Supreme Court of Montana
Apr 11, 1935
44 P.2d 753 (Mont. 1935)

Opinion

No. 7,358.

Submitted March 29, 1935.

Decided April 11, 1935.

Real Estate Mortgages — Purchase of Mortgaged Property by Execution Creditor Prior to Expiration of Statutory Eight-year Period After Maturity of Debt — When Mortgage Lien Superior. Mortgages — Real Property — Status of Purchaser of Mortgaged Lands Prior to Expiration of Eight-year Period After Maturity of Debt. 1. One who by deed becomes the owner of all the right, title and interest in lands of the mortgagor at any time before the expiration of the eight-year period following the maturity of the entire mortgage indebtedness (sec. 8267, Rev. Codes 1921), does not become the owner of the property free and clear of the mortgage lien upon expiration of that period, where no extension agreement under section 8264 or affidavit of renewal under section 8267 has been filed or recorded. Same — Sale on Execution or on Foreclosure — Nature of Title of Purchaser. 2. On sale of real property under execution or decree of foreclosure the purchaser is substituted for and acquires all the right, title and interest of the judgment debtor in the property sold, leaving in the latter only the bare statutory right to redeem, which right is a personal privilege and not a property right and is not subject to levy and sale under execution.
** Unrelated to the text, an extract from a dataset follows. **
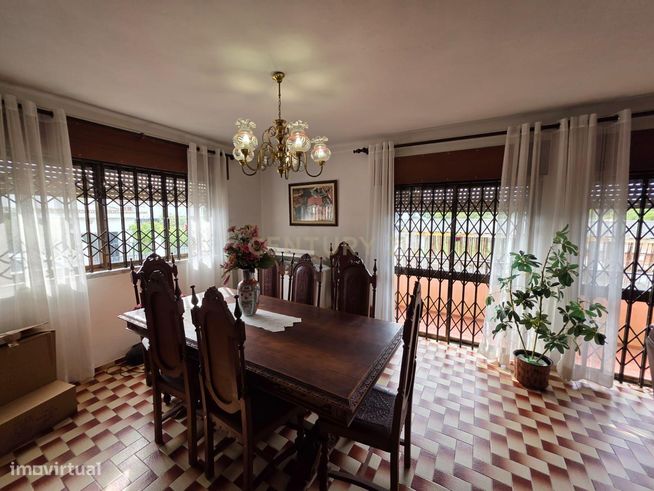 Moradia T5 em Vale Fetal - 369.000€-4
Same — When Mortgage Lien Superior to That of Purchaser on Execution Sale had Before Expiration of Eight-year Period After Maturity of Debt. 3. Where a judgment creditor of a mortgagor of real property purchased it at execution sale prior to the expiration of eight years after maturity of the mortgage debt provided for by section 8267, Revised Codes 1921, thus leaving in the judgment debtor nothing further that could be seized by process, he ceased to be a creditor and became a purchaser, and the mortgage debt not being barred under the general statute of limitations, the mortgage lien was prior and superior to the claim of such purchaser, irrespective of an alleged prematurely filed extension affidavit, or an extension agreement improperly executed.

Appeal from District Court, Richland County, Seventh District; Frank P. Leiper, Judge.

Mr. John G. Brown, Mr. L.V. Ketter and Mr. John C. Erickson, for Appellant, submitted an original and a supplemental brief; Mr. Brown and Mr. William A. Brown, of Counsel, argued the cause orally.

Messrs. Hildebrand Warren, for Respondent, submitted a brief; Mr. Raymond Hildebrand argued the cause orally.


The case of Reed v. Richardson, 94 Mont. 34, 20 P.2d 1054, settles the following points: (1) That a purchaser of mortgaged lands may invoke the general statute of limitations against the debt, but that if he would do so he must plead it; otherwise he waives the right. In the case at bar the statute was pleaded, but the agreed statement showed and the court found that the debt was not barred by the statute. (2) That a plea of the failure to file affidavit of renewal is not a plea of the statute of limitations as to the debt. (3) That one who purchases mortgaged land after the mortgage is recorded and before the expiration of the statutory eight-year period takes the land subject to the mortgage. In the case at bar Day purchased the mortgaged premises at the execution sale after the mortgage was recorded and before the expiration of the eight-day period. (4) That such a purchaser is not a subsequent purchaser under section 8267, Revised Codes 1921. In the case at bar the mortgage was in effect at the time of Day's purchase of the mortgaged premises under the execution sale. Hence he is not a "subsequent purchaser" or any person within the protection of the recording statute (sec. 8267). (5) That as to a person who is not affected by the mortgage recording Act (sec. 8267), the lien of the prior mortgage is not extinguished so long as an action may be brought on the principal obligation. In the case at bar an action could be brought on the principal obligation, and hence the mortgage lien as to Day was not extinguished. (6) That as between the parties the mortgage is good so long as the debt is kept alive, even after the expiration of the statutory eight-year period. (7) That the debt is not dead without the benefit of a plea of the statute of limitations. (8) That so long as the debt is alive between the mortgagor and the mortgagee the mortgage is still alive.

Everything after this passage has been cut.